Rush and I would eventually go separate ways. It wasn’t his radio style or politics. It was the fact that I sold my business and took on a routine job where I typically worked 8 to 5. Listening to the radio at work was taboo. Even if it were an option, my mental make-up made it difficult for me to listen to the radio while working on IT projects. Even to this day, I typically write with no music unless I am writing fiction.
But there were some special moments. I worked at a sprawling medical center that was adjacent to a VA hospital. On the medical center side of the tunnel, I hardly ever heard a radio. But on the VA side of the tunnel, I could hear cascading down the halls the booming voice of Rush Limbaugh. Veterans were not ashamed of the man. Later, during the 90’s, CNN would be replaced with Fox News on the TV monitors. It was literally two worlds – two worlds that would eventually show itself during the Trump years.
After I moved to Alaska in 2002 I lost track of Limbaugh altogether. Once in a while I would pick up his show which filled in the morning slot. But by and large the type of work I did was not conducive to radio interference. The US Forest Service, where I worked for the past 12 years, did not prohibit radios in the cubicle, but did have a policy that discouraged distracting your neighbors. Yet I would occasionally walk into someones cubicle and hear the ever so subdued whispers of Rush emerging from a tiny radio.

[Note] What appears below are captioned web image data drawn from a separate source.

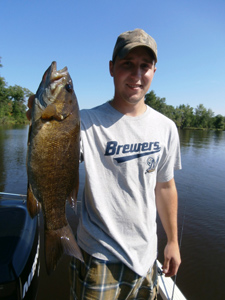 Dustin Linzmeier with a nice smallmouth bass from Lake Dubay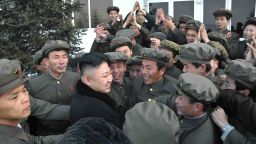Well-wishers mob a smiling North Korean leader Kim Jong Un (without hat) on Wednesday after the successful launch of the country's first satellite. 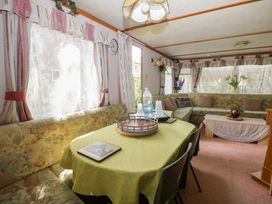 A living room with a table and seating area at 10 Cater Gardens Guildford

On his passing, I think it is important that people realize that not everyone who admires his accomplishments was a blind enthusiast. I had my own opinions and did not always like the way he came across. But I was not in the radio entertainment business. I was in the place where I had to work with people who were liberals or Democrats and talking in the manner that Rush spoke would have been highly inappropriate.
Yet I was fully aware, and highly appreciative, of his contribution to the political narrative. His piercing intrusion into the news establishment was desperately needed. His success would set the foundation of the Fox News network that would appear in the late 90’s. What would follow in the decades to come would be an arsenal of conservative opinion and news sources that have run circles around the Left, the news media industry, the universities and the so-called “establishment.” When I sit and listen to a David Rubin or a Ben Shapiro I see two young pundits who have inherited the template that was first established by Rush Limbaugh. Those two men are part of a larger group of conservative and libertarian voices that have, in many respects, become the anchor of YouTube and will likely be the anchor of alternative streaming media platforms like Rumble. They have also posited a significant challenge to news delivery and what was once ascribed as “journalism.”